***** Data *****

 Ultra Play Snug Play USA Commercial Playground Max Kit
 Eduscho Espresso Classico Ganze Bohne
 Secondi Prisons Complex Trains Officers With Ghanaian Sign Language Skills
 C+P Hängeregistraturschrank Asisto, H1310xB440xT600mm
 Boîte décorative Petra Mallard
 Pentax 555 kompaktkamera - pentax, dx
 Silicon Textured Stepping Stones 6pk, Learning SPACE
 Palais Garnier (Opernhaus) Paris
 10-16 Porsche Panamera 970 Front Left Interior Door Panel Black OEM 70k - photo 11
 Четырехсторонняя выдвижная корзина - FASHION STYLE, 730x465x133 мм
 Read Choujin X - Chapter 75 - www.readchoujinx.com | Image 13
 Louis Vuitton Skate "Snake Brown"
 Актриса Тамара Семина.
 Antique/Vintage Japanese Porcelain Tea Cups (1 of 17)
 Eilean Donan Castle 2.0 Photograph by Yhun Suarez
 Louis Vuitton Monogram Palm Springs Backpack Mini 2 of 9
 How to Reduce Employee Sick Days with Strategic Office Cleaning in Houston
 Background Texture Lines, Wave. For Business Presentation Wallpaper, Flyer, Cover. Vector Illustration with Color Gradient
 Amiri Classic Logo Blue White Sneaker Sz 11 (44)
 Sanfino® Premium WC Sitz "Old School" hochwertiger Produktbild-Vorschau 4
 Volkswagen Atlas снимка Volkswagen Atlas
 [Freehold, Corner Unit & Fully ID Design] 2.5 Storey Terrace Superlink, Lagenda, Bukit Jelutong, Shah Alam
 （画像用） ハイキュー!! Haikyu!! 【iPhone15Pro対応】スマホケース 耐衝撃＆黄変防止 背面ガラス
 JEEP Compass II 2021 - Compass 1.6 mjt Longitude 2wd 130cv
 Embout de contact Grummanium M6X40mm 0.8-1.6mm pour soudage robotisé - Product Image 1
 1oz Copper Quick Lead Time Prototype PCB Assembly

*****

◆ Exercise aim
An exact retyping of every line in the records is needed.

◆ Task response
 Ultra Play Snug Play USA Commercial Playground Max Kit
 Eduscho Espresso Classico Ganze Bohne
 Secondi Prisons Complex Trains Officers With Ghanaian Sign Language Skills
 C+P Hängeregistraturschrank Asisto, H1310xB440xT600mm
 Boîte décorative Petra Mallard
 Pentax 555 kompaktkamera - pentax, dx
 Silicon Textured Stepping Stones 6pk, Learning SPACE
 Palais Garnier (Opernhaus) Paris
 10-16 Porsche Panamera 970 Front Left Interior Door Panel Black OEM 70k - photo 11
 Четырехсторонняя выдвижная корзина - FASHION STYLE, 730x465x133 мм
 Read Choujin X - Chapter 75 - www.readchoujinx.com | Image 13
 Louis Vuitton Skate "Snake Brown"
 Актриса Тамара Семина.
 Antique/Vintage Japanese Porcelain Tea Cups (1 of 17)
 Eilean Donan Castle 2.0 Photograph by Yhun Suarez
 Louis Vuitton Monogram Palm Springs Backpack Mini 2 of 9
 How to Reduce Employee Sick Days with Strategic Office Cleaning in Houston
 Background Texture Lines, Wave. For Business Presentation Wallpaper, Flyer, Cover. Vector Illustration with Color Gradient
 Amiri Classic Logo Blue White Sneaker Sz 11 (44)
 Sanfino® Premium WC Sitz "Old School" hochwertiger Produktbild-Vorschau 4
 Volkswagen Atlas снимка Volkswagen Atlas
 [Freehold, Corner Unit & Fully ID Design] 2.5 Storey Terrace Superlink, Lagenda, Bukit Jelutong, Shah Alam
 （画像用） ハイキュー!! Haikyu!! 【iPhone15Pro対応】スマホケース 耐衝撃＆黄変防止 背面ガラス
 JEEP Compass II 2021 - Compass 1.6 mjt Longitude 2wd 130cv
 Embout de contact Grummanium M6X40mm 0.8-1.6mm pour soudage robotisé - Product Image 1
 1oz Copper Quick Lead Time Prototype PCB Assembly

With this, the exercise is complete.